#### [WHAT YOU ARE ASKED TO DO]
Your response is a verbatim copy of the listing, stripped of its images.

#### [THE DATA]
————————

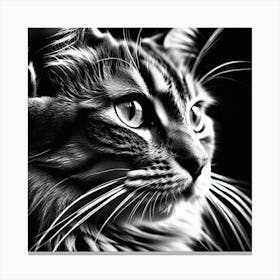 Black And White Cat Portrait Canvas Print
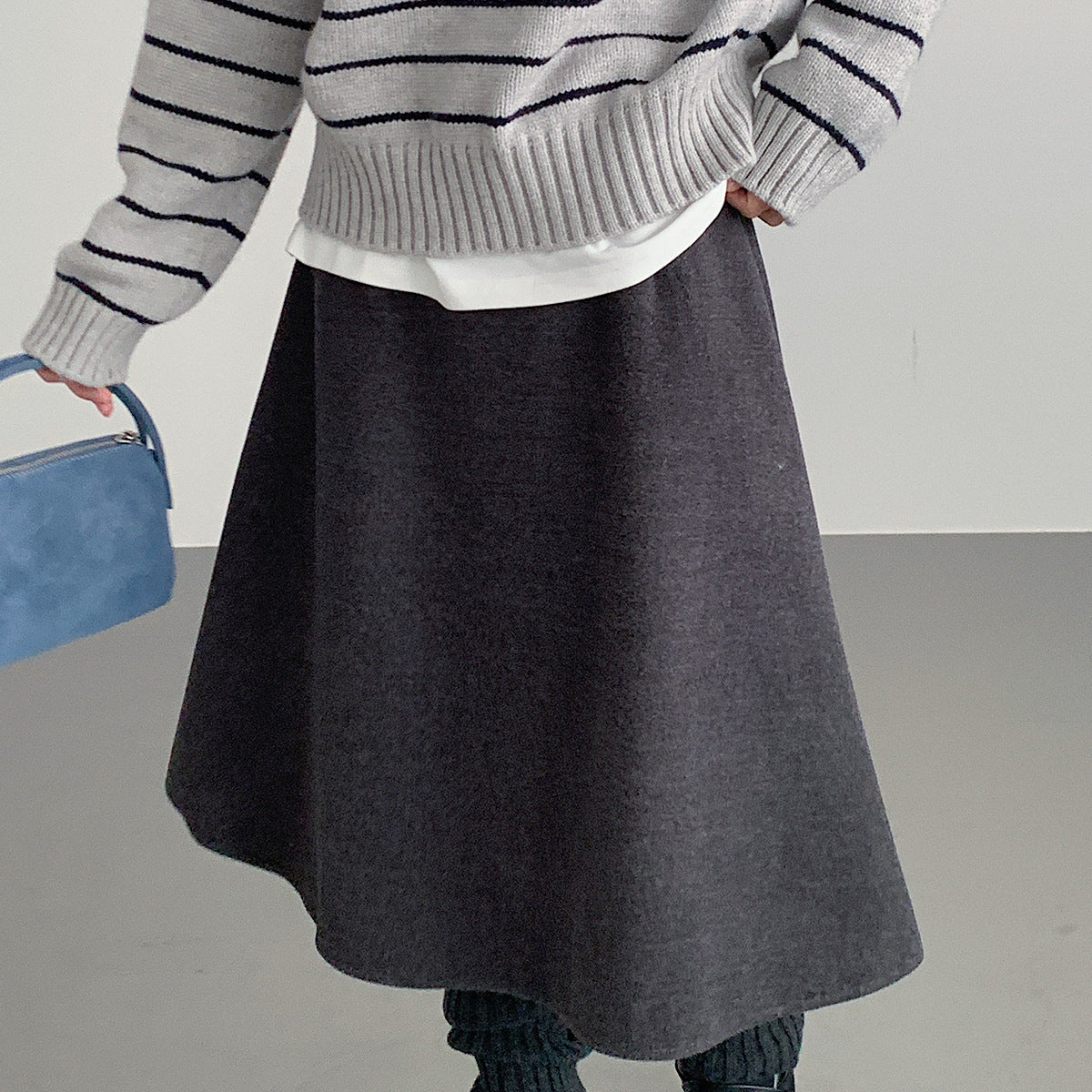 【LD11070】實拍氣質毛呢A字傘裙＋腰帶251209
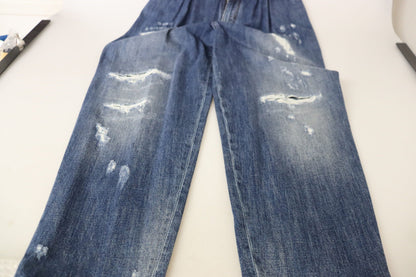 Dolce &amp; Gabbana – Blau verwaschene Hose mit hoher Taille und lockerer Passform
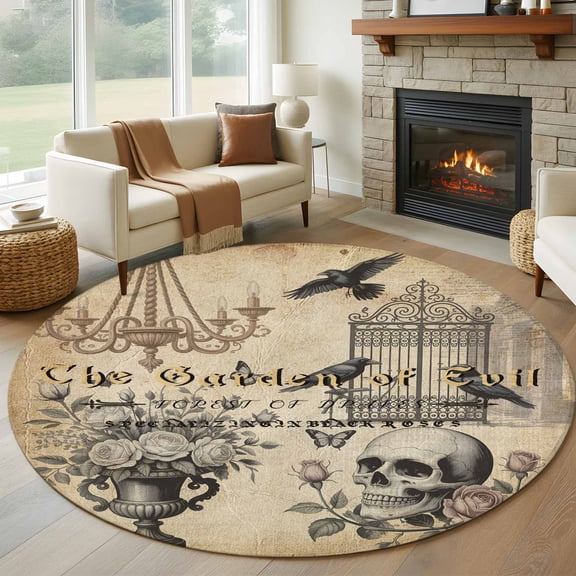 Round Area Rugs Collection 8 Ft, Halloween Non-Slip Residential Carpet, Vintage Skull Black Crows Flowers Butterfly Indoor Crawling Mats Runner Rugs for Living Room/Dining Room/Bedroom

————————

#### [RESPONSE TO THIS TASK]
 Black And White Cat Portrait Canvas Print
 【LD11070】實拍氣質毛呢A字傘裙＋腰帶251209
 Dolce &amp; Gabbana – Blau verwaschene Hose mit hoher Taille und lockerer Passform
 Round Area Rugs Collection 8 Ft, Halloween Non-Slip Residential Carpet, Vintage Skull Black Crows Flowers Butterfly Indoor Crawling Mats Runner Rugs for Living Room/Dining Room/Bedroom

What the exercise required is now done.